Syukurlah, tidak setiap momen hidup dalam hidup Soulleymane itu mengerikan. Dia anak -anak di sekitar bersama teman -teman pengangkutnya, menerima bantuan tulus dari orang -orang yang tinggal di tempat penampungannya yang tidak memiliki rumah, dan diberi token kebaikan lainnya. Sangaré yang penuh semangat, yang memenangkan hadiah kinerja terbaik di Cannes di bagian yang tidak pasti, juga membawa vitalitas dan kehidupan ke kisah yang sebagian besar suram. Meskipun film ini mengambil inspirasi dari “4 bulan, 3 minggu dan 2 hari Cristian Mungiu,” narasi sepotong kehidupan tentang seorang wanita hamil yang menavigasi beberapa hambatan untuk mendapatkan aborsi, giliran emosional Sangaré juga mengenang karya luar biasa Charles Jang di Sean Baker dan Tsou Shih-ching “Take Out.” Seperti Jang, yang berperan sebagai pengendara sepeda pengiriman Cina yang tidak berdokumen di New York City, Sangaré, melalui sejumlah besar ekspresi wajah yang dikalibrasi dengan ketat, diam -diam menerjemahkan keputusasaan, tekad, dan keputusasaan tanpa menggunakan melodrama. Hasilnya adalah kinerja telanjang yang menakjubkan.

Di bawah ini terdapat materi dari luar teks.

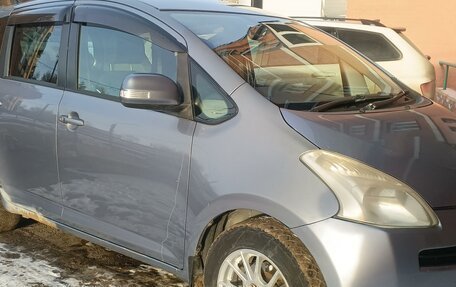 Toyota Ractis I, 2005 год, 670 000 рублей, 7 фотография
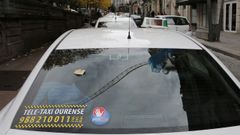 Imagen de archivo de un taxi en la capital ourensana.
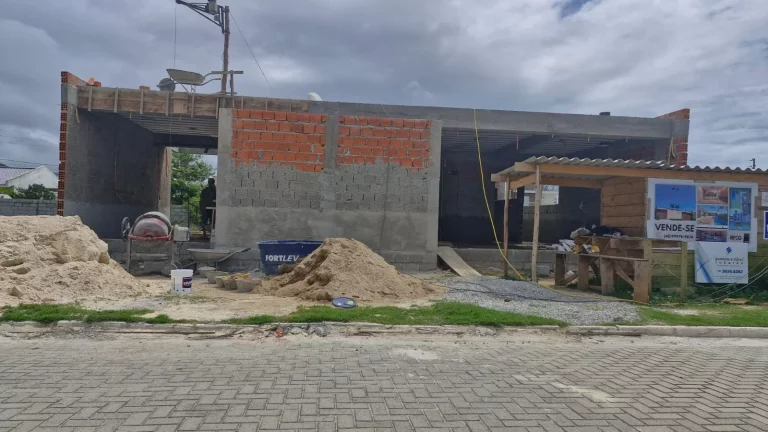 Imagem Casa Térrea a venda no Bairro Areias de Palhocinha em Garopaba-SC!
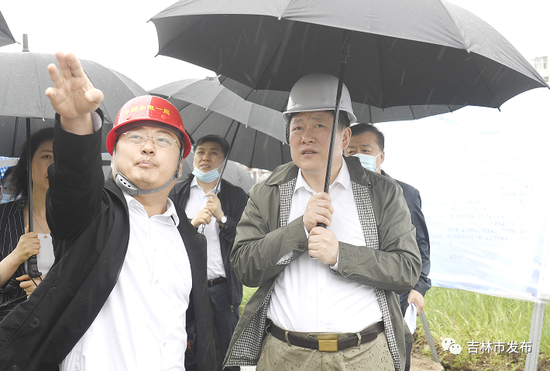 吉林市委书记贺志亮(右)在永吉县防洪工程(开山段)督导检查工程建设情况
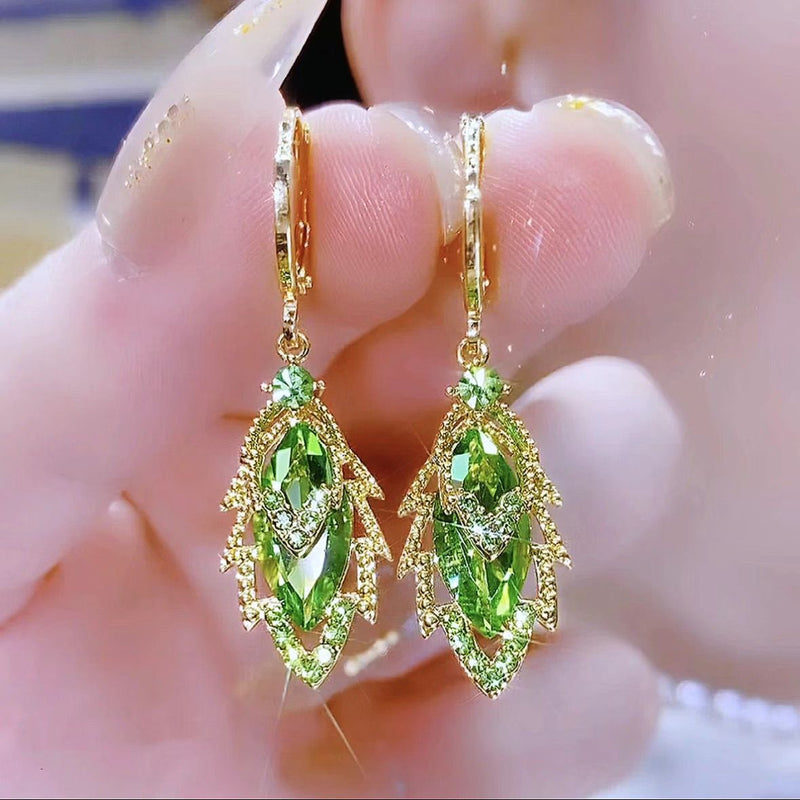 Maeve Leaf Pendant Necklace 1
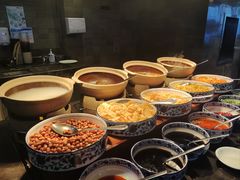 自助调料区-云端西餐厅(南宁龙光那莲豪华精选酒店)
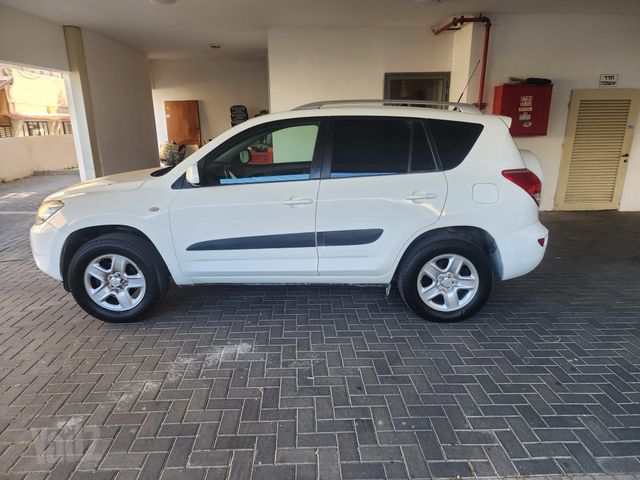 טויוטה RAV4
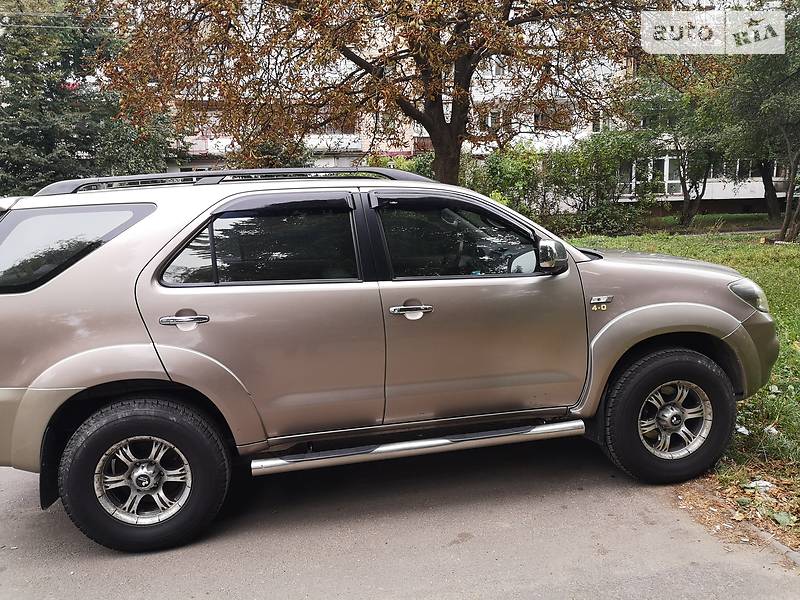 Внедорожник / Кроссовер Toyota Fortuner 2006 в Черновцах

Sementara “Souleymane's Story” melempar banyak penghalang jalan dengan cara pria Guinea ini, cukup jelas ke mana arah kita menuju. Dan sementara prediktabilitas itu sedikit merusak bobot perjalanan, akhiran, wahyu katarsis, diberikan pathos yang tak terukur karena keterbukaan Sangaré yang luar biasa sebagai aktor. Dia menarik adegan kantor imigrasi, yang di tangan aktor yang lebih rendah akan menghitung, menuju sesuatu di tepi realitas. Kebenaran itu menggerogoti setiap tepi “Souleymane's Story,” sebuah film yang kedalaman kejujurannya membuatnya merasa manusia yang menyegarkan.